Baltimore County reinstates 4 officers

FBI probe continues into moonlighting by police at Staples

Assigned to administrative jobs

September 25, 2001|By Tim Craig and Del Quentin Wilber | Tim Craig and Del Quentin Wilber,SUN STAFF

Four Baltimore County police officers suspended with pay three weeks ago as part of a federal investigation into police moonlighting at area Staples stores were ordered back to work yesterday, police officials said.

Bill Toohey, a police spokesman, said the officers' police powers remain suspended, but the four have been assigned to administrative jobs at police headquarters.

The move occurs as an FBI probe of Baltimore County and city officers who worked second jobs at Staples office supply stores has slowed because the agency is investigating the terrorist attacks Sept. 11 in New York and Washington.

"It appears now the investigation will go much longer than originally anticipated by the FBI, and we thought it would be useful to bring these officers back to work," Toohey said.

The FBI is investigating whether officers were paid for work they never performed at Staples stores, sources have said. Agents are also looking into whether the officers may have been double-dipping - working security at Staples stores during the past few years while on duty, sources said.

Part of the investigation focuses on whether a Staples employee took more than $200,000 from the store and used it to pay police officers in cash, sources said.

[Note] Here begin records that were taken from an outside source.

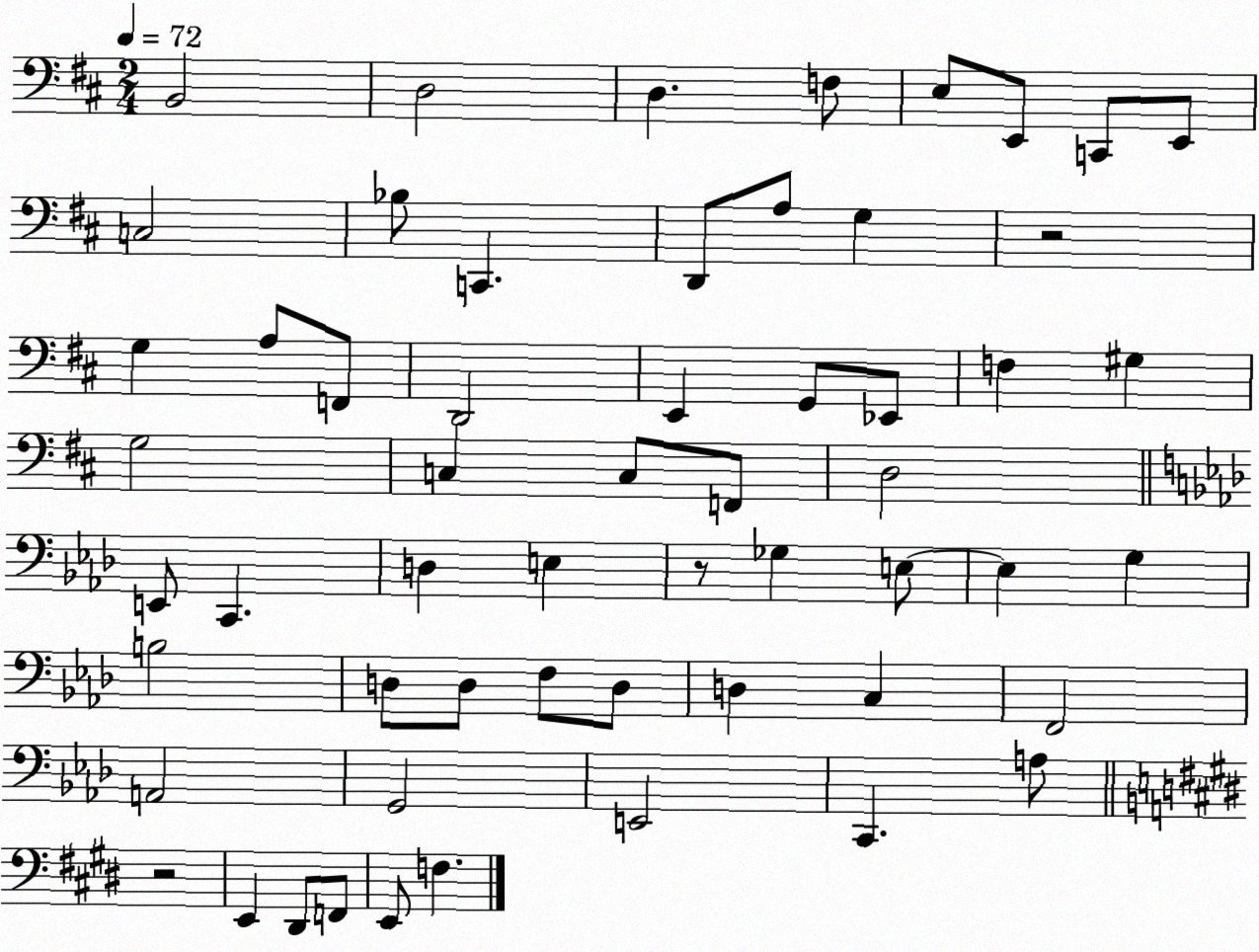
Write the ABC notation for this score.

X:1
T:Untitled
M:2/4
L:1/4
K:D
B,,2 D,2 D, F,/2 E,/2 E,,/2 C,,/2 E,,/2 C,2 _B,/2 C,, D,,/2 A,/2 G, z2 G, A,/2 F,,/2 D,,2 E,, G,,/2 _E,,/2 F, ^G, G,2 C, C,/2 F,,/2 D,2 E,,/2 C,, D, E, z/2 _G, E,/2 E, G, B,2 D,/2 D,/2 F,/2 D,/2 D, C, F,,2 A,,2 G,,2 E,,2 C,, A,/2 z2 E,, ^D,,/2 F,,/2 E,,/2 F,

Several officers told The Sun that they did not take money from the employee and that they were paid with checks. They also said they paid taxes on their income.

The federal investigation has been simmering for two years and focuses on the activities of about 40 city and several county police officers, police sources said.

On Sept. 6, 50 FBI agents fanned across the area, questioning the city officers and the four county officers at work and at their homes.

No charges have been filed.

Baltimore County Police Chief Terrence B. Sheridan suspended the four county officers the same day, saying it was department policy to suspend officers who might be the targets of a federal probe.

Police union officials complained that Sheridan acted prematurely.

Baltimore Police Commissioner Edward T. Norris did not take action against the city officers, saying he wanted more evidence that the officers did something wrong.

Toohey said county police officials hoped the investigation would be concluded within a month, but said that timetable is unrealistic because of the terrorist attacks.

Special Agent Peter A. Gulotta Jr., an FBI spokesman, refused to comment on the pace of the FBI investigation.

Gulotta said "the vast majority" of agents in the Baltimore field offices are working on terrorism-related investigations, but said some agents are working on other cases.

"Obviously, you have an investigative triage," Gulotta said. "You can't work everything so you prioritize."

Cole Weston, president of the Fraternal Order of Police Lodge 4, which represents county officers, said he wants the four officers returned to full duty instead of administrative jobs.

"Certainly we were frustrated that the suspensions even took place in the first place," Weston said. "So we certainly feel that [Sheridan] could be in a situation to reinstate them fully."

Toohey said the four county officers were not given full police powers because "the basic reason for suspending those powers remains."